Scan the entries line by line and return those with "Benz".

(Provided data):

################

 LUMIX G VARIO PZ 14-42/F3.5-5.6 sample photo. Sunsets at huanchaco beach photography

################

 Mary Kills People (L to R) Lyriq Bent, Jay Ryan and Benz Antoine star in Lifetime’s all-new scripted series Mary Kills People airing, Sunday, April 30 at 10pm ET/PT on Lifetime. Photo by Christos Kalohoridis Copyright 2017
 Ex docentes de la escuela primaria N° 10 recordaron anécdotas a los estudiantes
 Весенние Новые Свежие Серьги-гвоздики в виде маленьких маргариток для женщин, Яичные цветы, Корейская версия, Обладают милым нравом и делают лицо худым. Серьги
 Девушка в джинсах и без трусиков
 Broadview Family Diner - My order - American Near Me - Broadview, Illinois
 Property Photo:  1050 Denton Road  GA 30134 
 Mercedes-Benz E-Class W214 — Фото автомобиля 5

################

(Response):
 Mary Kills People (L to R) Lyriq Bent, Jay Ryan and Benz Antoine star in Lifetime’s all-new scripted series Mary Kills People airing, Sunday, April 30 at 10pm ET/PT on Lifetime. Photo by Christos Kalohoridis Copyright 2017
 Mercedes-Benz E-Class W214 — Фото автомобиля 5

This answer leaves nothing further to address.